ABSTRACT

Pavel Haas’s unfinished Symphony, composed between 1940 and 1941, is a poignant expression of protest against the Nazi occupation of Czechoslovakia. Previous writings on the work have noted that this element of protest is manifested through Haas’s frequent references in the first movement to the Hymn to St Wenceslas. Yet there is a wealth of religious and patriotic symbolism in the work that has not yet been fully explored. This chapter demonstrates how Haas’s use of particular musical topics articulates the twofold legendary role of St Wenceslas as both a saint and a warrior.
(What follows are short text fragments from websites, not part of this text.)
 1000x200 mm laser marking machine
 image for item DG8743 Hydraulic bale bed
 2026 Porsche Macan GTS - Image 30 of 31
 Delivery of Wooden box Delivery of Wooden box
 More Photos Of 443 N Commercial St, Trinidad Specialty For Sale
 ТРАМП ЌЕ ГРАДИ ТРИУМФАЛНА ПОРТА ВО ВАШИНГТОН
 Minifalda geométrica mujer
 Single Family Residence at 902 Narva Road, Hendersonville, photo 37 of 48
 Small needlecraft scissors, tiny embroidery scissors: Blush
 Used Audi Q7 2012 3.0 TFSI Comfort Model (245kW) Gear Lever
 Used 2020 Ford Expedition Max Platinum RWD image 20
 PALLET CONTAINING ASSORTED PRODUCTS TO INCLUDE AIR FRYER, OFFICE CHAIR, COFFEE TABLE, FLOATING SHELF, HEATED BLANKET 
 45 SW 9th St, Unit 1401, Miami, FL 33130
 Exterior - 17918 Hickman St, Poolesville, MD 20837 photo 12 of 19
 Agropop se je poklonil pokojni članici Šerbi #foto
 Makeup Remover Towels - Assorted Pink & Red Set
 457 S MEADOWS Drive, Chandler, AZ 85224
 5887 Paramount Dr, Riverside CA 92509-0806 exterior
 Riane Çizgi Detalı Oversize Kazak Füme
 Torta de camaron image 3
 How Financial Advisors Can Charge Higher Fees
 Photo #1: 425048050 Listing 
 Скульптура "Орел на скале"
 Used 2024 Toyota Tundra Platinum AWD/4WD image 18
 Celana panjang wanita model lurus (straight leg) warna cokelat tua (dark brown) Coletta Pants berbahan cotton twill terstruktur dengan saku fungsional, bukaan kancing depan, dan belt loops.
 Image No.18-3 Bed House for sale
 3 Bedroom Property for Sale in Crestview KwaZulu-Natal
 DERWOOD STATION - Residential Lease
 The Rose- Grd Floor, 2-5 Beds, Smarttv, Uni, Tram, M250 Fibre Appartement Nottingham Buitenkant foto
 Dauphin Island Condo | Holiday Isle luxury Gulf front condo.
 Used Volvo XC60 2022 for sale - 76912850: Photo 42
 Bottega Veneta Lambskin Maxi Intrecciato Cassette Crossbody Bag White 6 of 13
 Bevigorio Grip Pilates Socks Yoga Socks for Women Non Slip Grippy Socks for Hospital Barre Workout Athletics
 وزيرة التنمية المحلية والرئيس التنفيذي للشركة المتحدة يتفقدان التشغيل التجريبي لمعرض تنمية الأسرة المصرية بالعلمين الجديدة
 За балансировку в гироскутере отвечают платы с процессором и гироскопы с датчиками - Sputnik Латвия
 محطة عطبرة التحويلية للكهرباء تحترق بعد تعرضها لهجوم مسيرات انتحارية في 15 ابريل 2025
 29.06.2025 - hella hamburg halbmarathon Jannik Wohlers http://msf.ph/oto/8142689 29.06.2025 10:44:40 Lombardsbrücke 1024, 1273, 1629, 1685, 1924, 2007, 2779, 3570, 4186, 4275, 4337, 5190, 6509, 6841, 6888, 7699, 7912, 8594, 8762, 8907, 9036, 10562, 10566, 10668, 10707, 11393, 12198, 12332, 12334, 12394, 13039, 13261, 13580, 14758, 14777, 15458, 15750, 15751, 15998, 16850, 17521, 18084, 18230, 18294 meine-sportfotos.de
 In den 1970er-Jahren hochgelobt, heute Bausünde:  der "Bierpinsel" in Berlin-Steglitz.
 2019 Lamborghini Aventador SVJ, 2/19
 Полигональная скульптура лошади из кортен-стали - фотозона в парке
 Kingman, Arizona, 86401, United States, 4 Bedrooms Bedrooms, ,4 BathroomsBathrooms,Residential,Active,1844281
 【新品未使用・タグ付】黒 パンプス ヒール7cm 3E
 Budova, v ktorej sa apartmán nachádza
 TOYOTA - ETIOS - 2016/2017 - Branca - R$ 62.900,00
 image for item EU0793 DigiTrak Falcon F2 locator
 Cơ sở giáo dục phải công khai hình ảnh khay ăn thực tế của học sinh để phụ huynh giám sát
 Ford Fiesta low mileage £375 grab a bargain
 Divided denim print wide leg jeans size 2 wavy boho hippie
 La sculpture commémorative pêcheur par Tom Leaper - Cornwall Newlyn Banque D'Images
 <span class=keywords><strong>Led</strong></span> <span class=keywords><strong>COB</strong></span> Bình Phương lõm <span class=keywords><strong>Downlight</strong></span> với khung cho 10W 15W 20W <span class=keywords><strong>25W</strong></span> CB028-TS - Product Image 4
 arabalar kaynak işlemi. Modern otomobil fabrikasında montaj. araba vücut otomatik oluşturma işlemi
Drawing on the theory of markedness and correlation, there is an illustration of the way instrumental voices become associated with semantic binaries such as individual/collective, divine/earthly, and despairing/rejoicing, and what role these connotations play in the programmatic narrative, which besides Czech patriotic myths, is predicated on the biblical meta-narrative of the arrival of the prophesied Messiah. In contrast, the Symphony’s second movement represents a complementary facet of Haas’s artistic protest against Nazism, based on grotesque depiction and satirical derision. With its spooky instrumental effects and a puzzling superimposition of the Nazi song ‘Die Fahne Hoch’ and Chopin’s ‘Funeral March’, this music takes on the guise of a frightening danse macabre.